PROVIDED RECORDS:
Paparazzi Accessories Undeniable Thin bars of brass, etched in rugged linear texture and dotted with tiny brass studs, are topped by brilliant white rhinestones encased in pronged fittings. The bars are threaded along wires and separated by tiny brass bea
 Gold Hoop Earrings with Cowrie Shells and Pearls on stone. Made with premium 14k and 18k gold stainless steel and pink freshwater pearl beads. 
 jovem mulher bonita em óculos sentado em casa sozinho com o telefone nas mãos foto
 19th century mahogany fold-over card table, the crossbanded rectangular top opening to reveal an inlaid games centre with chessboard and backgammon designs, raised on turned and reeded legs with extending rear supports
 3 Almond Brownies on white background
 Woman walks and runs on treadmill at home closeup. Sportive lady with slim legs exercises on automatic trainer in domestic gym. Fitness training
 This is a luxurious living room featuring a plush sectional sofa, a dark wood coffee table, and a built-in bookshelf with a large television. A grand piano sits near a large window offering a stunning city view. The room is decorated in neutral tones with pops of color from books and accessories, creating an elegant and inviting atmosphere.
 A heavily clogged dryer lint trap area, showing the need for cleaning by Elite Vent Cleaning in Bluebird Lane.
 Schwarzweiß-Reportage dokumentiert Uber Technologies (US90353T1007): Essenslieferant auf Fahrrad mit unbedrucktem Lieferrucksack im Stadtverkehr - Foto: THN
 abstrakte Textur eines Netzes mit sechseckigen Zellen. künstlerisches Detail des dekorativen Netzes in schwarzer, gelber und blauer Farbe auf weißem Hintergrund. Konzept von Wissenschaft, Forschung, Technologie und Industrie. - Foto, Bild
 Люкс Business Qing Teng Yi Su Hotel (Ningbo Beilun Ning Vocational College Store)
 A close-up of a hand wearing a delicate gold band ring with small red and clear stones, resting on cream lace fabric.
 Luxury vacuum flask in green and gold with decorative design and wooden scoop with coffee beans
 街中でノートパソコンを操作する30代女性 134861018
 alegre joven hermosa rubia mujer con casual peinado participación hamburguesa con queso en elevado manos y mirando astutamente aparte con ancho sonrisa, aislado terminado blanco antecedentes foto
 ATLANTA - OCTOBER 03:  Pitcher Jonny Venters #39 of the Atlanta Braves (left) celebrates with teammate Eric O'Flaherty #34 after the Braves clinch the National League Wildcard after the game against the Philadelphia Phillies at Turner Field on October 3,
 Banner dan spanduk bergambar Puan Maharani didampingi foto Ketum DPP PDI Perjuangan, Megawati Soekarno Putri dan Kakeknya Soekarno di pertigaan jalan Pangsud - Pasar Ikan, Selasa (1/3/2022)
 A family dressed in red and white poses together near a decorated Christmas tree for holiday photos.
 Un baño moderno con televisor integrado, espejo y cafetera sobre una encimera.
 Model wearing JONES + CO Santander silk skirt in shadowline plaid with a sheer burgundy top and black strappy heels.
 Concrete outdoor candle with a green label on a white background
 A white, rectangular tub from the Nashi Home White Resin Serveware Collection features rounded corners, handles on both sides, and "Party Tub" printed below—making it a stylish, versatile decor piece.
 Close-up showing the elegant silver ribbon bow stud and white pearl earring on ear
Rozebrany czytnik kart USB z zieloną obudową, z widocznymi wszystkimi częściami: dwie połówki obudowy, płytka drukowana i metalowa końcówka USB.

AIM OF THE TASK: Reproduce every line from the entries that holds the word "showing".

RESULT OF THIS TASK:
 A heavily clogged dryer lint trap area, showing the need for cleaning by Elite Vent Cleaning in Bluebird Lane.
 Close-up showing the elegant silver ribbon bow stud and white pearl earring on ear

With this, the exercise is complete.